Palettization Overview#
Palettization, also referred to as weight clustering, compresses a model by clustering the model’s float
weights and creating a lookup table (LUT) of centroids, and then storing the original weight values with indices pointing to the entries in the LUT.
Weights with similar values are grouped together and represented using the value of the cluster centroid they belong to, as shown in the following figure. The original weight matrix is converted to an index table in which each element points to the corresponding cluster center.
N={1,2,3,4,6,8}
are supported, where N
is the number of bits used for palettization.
Granularity#
The figure above shows what is referred to as per_tensor
granularity, where the entire tensor shares a single LUT. This can lead to high approximation error for large matrices.

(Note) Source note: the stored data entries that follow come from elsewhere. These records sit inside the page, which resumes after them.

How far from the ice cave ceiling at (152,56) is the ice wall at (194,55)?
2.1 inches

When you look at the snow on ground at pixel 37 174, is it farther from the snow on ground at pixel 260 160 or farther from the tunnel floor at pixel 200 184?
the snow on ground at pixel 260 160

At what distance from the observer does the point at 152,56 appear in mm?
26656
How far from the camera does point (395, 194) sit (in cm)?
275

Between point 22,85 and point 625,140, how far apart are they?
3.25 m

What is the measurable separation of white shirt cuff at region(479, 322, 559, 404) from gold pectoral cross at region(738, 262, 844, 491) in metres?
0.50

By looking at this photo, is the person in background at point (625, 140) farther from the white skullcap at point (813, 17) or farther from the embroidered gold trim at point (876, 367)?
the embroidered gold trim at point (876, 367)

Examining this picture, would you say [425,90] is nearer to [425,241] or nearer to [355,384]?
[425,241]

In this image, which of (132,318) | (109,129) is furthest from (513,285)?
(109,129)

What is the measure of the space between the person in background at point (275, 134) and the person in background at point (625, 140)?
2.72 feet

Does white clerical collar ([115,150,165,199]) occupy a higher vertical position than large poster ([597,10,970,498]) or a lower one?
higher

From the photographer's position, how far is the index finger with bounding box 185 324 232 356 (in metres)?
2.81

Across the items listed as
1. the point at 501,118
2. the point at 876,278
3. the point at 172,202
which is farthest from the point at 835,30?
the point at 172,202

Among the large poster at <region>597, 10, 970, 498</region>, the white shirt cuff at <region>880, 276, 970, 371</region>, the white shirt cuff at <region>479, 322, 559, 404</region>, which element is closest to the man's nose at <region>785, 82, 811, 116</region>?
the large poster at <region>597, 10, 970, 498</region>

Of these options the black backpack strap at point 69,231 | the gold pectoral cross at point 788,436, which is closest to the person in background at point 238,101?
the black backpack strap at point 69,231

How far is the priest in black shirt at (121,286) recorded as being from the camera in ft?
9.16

Starting with iOS18/macOS15
, a mode called per_grouped_channel
is available. It allows a group of channels, specified by the parameter group_size
, to share a single LUT, thereby having multiple LUTs for the whole weight matrix. For example, a weight of shape (1024, 1024)
, with group_size=16
, will have 64
LUTs.
Per-channel scale#
When this mode is enabled, weights are normalized along the output channels using per-channel scales before being palettized.
Vector Palettization#
Cluster centroids can be scalar or vector values. This can be configured with cluster_dim
, which by default is set to 1
, indicating scalar palettization.
When cluster_dim > 1
, it indicates 2-D clustering, and each cluster_dim
length of weight vectors along the output channel are palettized using the same 2-D centroid. This is called vector palettization.
Quantizing the LUT#
The values in LUT are by default float
. However, starting from iOS18/macOS15
, the LUT can be of stored in 8-bit precision as well, for further compression.
Feature Availability
Palettized weight representation for Core ML mlprogram
models is available in iOS16
/macOS13
/watchOS9
/tvOS16
and newer deployment target formats.